Relevant ensuite un passage du rapport Jésus-Christ, le porteur d’eau vive qui définit la « philosophie pérenne » comme une « synthèse de magie et d’alchimie de la Grèce antique d’une part, et du mysticisme juif de l’autre » (77), Jérôme Rousse-Lacordaire consacre les deux autres chapitres de la première partie de son livre à la Magie et à la Kabbale. D’après lui, des auteurs tels Marcile Ficin ou Pic de la Mirandole auraient ouvert une perspective chrétienne à la magie naturelle et à la magie spirituelle en essayant de « concilier la régularité des influences physiques (particulièrement astrales) et le libre arbitre humain sans faire intervenir une instance médiatrice qui se tiendrait plus ou moins en dehors de la nature » (120). Or, ce refus d’une « instance médiatrice » n’est-il pas une identification panthéistique de l’esprit et de la matière et n’aboutit-il pas à un rejet de la grâce mariale naturellement surnaturelle ? Selon Michel de Certeau, un des aspects essentiels de l’évolution de la magie durant la Renaissance fut l’érotisation de l’amour : l’érotisme émergea pour combler le vide laissé par la disparition de la mystique. L’éros platonicien fut ainsi substitué à la virginale agapê chrétienne.

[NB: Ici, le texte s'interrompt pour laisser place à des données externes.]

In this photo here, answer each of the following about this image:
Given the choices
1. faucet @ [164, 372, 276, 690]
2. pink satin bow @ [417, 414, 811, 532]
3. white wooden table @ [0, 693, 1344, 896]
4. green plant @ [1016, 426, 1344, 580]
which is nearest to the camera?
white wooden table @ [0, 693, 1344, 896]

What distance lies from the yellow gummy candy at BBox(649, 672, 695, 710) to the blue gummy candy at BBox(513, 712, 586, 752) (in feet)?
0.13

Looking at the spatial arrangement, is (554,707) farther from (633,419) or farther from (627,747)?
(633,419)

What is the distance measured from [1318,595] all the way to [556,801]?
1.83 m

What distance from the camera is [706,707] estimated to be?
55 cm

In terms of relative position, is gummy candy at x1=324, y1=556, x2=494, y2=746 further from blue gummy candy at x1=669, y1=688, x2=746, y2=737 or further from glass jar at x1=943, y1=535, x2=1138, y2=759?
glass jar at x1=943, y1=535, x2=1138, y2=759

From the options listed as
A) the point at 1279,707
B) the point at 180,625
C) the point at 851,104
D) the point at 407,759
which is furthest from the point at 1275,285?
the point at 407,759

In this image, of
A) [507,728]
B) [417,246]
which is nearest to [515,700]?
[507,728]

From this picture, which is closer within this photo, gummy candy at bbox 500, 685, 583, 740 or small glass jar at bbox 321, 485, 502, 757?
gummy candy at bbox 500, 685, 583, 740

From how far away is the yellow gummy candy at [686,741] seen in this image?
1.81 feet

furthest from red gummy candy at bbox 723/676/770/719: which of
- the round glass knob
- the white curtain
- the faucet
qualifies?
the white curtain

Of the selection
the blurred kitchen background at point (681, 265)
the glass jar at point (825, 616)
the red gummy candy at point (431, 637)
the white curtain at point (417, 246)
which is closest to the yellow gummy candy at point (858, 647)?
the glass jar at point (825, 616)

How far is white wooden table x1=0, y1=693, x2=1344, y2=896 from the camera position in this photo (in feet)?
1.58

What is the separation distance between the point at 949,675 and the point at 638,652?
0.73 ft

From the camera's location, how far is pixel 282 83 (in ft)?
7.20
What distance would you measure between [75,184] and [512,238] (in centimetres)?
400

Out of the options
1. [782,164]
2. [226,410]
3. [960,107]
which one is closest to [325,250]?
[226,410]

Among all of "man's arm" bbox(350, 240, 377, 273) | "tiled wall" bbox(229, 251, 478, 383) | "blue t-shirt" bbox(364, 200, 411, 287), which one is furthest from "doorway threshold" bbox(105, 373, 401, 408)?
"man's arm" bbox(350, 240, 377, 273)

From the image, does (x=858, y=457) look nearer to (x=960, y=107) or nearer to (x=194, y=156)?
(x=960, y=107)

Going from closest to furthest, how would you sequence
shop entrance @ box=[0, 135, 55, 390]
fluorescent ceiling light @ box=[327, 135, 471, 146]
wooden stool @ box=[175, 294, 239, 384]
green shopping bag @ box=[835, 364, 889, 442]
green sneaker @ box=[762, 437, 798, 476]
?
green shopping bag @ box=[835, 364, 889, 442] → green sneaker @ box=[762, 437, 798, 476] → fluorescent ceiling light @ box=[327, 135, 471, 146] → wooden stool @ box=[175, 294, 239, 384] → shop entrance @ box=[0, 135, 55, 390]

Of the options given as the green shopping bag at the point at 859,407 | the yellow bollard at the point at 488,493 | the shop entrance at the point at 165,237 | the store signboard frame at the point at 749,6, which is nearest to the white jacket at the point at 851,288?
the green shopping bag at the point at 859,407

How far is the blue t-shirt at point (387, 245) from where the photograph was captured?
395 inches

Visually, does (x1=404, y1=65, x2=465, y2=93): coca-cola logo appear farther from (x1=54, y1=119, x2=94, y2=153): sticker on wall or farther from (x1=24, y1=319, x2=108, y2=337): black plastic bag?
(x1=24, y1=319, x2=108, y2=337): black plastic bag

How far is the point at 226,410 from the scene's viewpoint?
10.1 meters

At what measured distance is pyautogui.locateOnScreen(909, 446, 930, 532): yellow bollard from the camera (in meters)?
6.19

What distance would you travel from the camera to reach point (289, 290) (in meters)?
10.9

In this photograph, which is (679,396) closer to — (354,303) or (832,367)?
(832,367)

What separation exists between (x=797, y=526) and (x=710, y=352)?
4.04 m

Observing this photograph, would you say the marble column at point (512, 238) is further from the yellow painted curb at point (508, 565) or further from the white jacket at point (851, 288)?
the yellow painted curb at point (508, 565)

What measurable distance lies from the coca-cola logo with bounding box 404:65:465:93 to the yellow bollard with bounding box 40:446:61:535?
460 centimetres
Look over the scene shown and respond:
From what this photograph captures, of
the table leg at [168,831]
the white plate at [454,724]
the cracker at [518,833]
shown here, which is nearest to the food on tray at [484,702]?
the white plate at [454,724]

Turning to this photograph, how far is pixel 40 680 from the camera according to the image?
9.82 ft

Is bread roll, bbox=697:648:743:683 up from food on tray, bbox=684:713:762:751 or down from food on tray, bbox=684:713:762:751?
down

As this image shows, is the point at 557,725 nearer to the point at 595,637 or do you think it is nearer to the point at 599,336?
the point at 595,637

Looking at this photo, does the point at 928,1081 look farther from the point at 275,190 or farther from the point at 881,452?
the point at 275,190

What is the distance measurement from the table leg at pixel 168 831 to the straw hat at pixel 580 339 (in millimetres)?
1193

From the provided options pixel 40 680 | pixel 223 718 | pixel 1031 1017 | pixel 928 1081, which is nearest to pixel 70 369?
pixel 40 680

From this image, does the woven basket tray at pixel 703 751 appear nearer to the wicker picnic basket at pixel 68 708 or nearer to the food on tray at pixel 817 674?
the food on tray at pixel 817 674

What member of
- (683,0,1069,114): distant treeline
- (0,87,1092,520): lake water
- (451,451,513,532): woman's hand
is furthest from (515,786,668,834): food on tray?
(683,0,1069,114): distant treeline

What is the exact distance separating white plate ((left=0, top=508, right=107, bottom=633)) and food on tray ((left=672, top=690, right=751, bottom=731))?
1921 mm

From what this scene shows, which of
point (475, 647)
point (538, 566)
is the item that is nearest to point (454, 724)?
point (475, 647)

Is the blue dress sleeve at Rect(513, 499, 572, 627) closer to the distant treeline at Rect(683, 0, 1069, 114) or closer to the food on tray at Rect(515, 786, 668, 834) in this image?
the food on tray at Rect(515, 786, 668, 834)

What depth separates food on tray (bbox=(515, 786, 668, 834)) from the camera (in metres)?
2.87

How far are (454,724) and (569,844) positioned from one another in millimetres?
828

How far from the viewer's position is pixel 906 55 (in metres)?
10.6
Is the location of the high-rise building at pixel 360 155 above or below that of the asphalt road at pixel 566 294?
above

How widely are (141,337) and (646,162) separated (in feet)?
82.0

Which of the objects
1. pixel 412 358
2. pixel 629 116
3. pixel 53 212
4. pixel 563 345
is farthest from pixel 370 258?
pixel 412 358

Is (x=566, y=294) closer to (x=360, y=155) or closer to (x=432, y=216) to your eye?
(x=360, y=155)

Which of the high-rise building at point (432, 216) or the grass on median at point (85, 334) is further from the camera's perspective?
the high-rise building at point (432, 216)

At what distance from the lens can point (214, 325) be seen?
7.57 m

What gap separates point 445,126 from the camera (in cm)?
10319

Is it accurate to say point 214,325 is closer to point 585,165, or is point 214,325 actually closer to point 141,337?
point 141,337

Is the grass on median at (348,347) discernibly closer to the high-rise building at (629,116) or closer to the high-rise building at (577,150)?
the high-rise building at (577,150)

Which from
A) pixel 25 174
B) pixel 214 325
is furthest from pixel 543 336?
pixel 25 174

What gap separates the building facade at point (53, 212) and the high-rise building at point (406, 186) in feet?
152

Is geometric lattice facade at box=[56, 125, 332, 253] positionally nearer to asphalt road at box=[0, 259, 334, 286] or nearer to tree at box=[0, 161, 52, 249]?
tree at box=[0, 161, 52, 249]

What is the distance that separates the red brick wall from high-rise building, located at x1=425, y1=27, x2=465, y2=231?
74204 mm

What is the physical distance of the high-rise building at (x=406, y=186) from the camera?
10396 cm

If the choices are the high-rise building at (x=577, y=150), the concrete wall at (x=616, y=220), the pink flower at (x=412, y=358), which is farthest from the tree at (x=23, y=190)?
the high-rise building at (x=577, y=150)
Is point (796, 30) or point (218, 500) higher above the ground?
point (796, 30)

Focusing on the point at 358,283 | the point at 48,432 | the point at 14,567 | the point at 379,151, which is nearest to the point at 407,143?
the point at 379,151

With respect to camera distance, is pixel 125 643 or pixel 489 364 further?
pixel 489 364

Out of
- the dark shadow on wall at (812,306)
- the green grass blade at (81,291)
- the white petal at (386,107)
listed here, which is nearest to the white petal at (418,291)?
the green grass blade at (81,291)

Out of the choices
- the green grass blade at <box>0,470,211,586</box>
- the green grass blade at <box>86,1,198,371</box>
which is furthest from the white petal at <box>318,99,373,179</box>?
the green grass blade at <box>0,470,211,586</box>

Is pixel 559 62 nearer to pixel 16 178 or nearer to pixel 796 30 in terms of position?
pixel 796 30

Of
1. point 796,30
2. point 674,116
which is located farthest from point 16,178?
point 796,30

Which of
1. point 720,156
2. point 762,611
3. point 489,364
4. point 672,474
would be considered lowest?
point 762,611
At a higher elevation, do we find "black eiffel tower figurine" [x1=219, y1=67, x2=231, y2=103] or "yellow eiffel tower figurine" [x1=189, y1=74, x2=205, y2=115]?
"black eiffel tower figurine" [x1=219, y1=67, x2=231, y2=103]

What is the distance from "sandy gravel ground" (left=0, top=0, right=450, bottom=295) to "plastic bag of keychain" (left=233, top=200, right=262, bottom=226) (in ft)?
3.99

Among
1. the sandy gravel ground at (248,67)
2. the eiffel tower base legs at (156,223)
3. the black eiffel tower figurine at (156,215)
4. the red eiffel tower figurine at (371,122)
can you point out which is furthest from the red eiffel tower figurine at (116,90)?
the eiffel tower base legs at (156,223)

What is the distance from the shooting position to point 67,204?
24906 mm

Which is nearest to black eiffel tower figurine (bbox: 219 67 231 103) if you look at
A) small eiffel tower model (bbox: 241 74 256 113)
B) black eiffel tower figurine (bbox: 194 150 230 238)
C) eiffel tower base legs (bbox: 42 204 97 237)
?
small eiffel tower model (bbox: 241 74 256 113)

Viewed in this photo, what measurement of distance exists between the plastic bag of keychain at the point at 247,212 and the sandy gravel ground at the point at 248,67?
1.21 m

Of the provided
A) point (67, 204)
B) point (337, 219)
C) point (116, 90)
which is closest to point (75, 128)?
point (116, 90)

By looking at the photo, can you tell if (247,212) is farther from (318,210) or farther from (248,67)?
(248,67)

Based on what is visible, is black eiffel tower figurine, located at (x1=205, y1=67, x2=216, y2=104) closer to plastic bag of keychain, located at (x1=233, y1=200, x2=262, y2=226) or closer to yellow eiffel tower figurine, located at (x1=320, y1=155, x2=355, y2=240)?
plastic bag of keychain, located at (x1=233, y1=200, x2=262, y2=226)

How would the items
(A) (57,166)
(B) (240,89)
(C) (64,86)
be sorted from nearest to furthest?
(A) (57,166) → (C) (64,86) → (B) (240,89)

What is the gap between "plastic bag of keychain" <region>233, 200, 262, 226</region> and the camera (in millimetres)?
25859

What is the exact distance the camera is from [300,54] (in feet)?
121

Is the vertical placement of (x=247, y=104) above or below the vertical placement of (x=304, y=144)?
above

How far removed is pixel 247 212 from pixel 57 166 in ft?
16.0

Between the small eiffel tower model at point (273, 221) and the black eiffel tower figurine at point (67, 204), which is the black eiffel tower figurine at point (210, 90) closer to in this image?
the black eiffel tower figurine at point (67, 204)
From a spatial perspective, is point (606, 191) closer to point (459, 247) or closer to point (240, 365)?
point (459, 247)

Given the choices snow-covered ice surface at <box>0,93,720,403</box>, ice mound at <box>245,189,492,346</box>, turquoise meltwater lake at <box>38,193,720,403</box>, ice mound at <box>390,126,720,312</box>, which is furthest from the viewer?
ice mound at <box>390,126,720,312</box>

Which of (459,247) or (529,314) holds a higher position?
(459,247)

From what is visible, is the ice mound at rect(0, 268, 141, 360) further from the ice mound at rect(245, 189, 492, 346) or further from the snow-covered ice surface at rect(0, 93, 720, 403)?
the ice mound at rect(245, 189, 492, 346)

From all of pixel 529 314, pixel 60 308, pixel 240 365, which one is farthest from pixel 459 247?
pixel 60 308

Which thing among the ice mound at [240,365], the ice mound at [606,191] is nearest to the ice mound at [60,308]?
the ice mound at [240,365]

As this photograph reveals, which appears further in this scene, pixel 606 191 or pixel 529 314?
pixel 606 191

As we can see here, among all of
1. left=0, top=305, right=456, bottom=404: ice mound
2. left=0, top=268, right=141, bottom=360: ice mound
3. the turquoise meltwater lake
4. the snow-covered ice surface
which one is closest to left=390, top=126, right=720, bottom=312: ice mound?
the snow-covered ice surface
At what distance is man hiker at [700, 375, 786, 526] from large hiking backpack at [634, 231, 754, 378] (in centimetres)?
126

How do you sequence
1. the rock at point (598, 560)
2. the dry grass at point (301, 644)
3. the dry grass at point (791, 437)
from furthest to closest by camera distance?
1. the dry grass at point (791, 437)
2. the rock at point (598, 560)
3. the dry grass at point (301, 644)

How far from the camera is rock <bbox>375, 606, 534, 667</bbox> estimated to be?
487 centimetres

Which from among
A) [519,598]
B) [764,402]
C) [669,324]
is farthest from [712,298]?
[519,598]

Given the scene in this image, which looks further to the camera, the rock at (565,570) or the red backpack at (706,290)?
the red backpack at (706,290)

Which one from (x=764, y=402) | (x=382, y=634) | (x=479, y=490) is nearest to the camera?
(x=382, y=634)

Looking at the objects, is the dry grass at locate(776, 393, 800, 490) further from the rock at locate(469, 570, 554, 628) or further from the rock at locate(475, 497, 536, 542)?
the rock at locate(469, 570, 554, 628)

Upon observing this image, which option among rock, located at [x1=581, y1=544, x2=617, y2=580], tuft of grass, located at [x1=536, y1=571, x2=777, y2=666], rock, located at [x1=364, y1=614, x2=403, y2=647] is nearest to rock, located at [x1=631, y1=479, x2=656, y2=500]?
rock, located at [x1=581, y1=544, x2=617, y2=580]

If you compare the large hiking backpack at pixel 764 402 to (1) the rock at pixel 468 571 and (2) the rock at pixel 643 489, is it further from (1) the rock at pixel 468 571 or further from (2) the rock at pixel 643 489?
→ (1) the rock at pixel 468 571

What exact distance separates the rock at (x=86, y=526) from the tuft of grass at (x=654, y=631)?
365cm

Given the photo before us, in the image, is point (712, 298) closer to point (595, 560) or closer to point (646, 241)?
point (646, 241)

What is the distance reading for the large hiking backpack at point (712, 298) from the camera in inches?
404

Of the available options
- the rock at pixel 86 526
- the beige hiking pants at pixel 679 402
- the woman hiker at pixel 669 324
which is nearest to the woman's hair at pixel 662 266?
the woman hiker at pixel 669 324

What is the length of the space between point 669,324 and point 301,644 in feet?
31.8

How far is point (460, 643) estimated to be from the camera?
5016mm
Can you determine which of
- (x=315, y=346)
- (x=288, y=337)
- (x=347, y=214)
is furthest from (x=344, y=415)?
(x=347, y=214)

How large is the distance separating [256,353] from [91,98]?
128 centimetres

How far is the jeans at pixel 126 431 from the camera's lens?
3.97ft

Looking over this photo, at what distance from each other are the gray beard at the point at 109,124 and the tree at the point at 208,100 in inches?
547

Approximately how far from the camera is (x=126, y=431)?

Sur la Kabbale, Jérôme Rousse-Lacordaire nous reproduit dévotement les thèses de François Secret [7], alors que ce dernier n’avait pas relevé que, si Pic de la Mirandole, Jean Reuchlin et leurs émules chrétiens de la Renaissance ont bien eu connaissance du sens caché du Tétragramme, leur kabbale, enrobée de gnose alexandrine, confondait le Fils (Waw) aux deux Natures et l’Esprit (les deux Hé) à double spiration [8], si bien que les « kabbalistes chrétiens » s’abusèrent eux-mêmes en croyant avoir pénétré les secrets de la Torah.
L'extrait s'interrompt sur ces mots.